Magnonics addresses the physical properties of spin waves and utilizes them for data processing [1-2]. Nano-magnonics addresses the investigation of spin waves in magnetic nanostructures of minimal sizes of a few hundred nanometers or less. Such sizes allow for a qualitative change in the magnon dynamics and allow for: (i) single-mode dispersion curve, (ii) the phenomenon of exchange unpinning resulting in the uniform profiles of magnon modes in them, and (iii) the suppression of parasitic multi-magnon scattering.

In the first half of my talk, I will present briefly the experimental realization of a nanoscale magnonic directional coupler, which consists of two separated single-mode waveguides with a width of 350 nm. A U-shaped antenna is used to excite spin waves and microfocus Brillouin Light Scattering (mBLS) spectroscopy is exploited for detection. After that, I will present the method of inverse-design magnonics, in which any functionality can be specified first, and a feedback-based computational algorithm is used to obtain the device design [3]. To demonstrate the universality of this approach, we explore linear, nonlinear and nonreciprocal magnonic functionalities and use the same algorithm to create a magnonic (de-)multiplexer, a nonlinear switch and a circulator.
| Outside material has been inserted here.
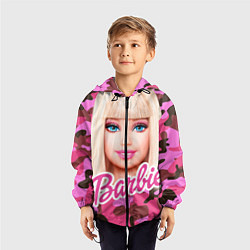Ветровка с капюшоном детская Барби, цвет: 3D-черный — фото 2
In the second part, I will present a new approach to excite exchange spin waves with a wavelength down to around 200 nm in a 200 nm-wide yttrium iron garnet waveguide with a 2 mm-wide antenna. The physical concept of the proposed method is based on the nonlinear phenomena that can be observed in the normally-magnetized waveguides. By using mBLS spectroscopy, we observed an unprecedented 2.1 GHz up-shift of the FMR frequency. The analytic calculations and micromagnetic simulations show that such a huge nonlinear frequency shift provides a large wavenumber conversion of up to 30 rad/mm in k-space for spin waves propagating away from the antenna. The proposed method removes the wavelength limitations imposed by the size of antennas and allows for direct integration on-chip.

[1] A. V. Chumak, et al., IEEE Trans. Magn. 2 (2022). DOI: 10.1109/TMAG.2022.3149664
[2] Q. Wang, et al., Nat. Electron. 3, 765 (2020).
[3] Q. Wang, A. V. Chumak, P. Pirro, Nat. Commun. 12, 2636 (2021).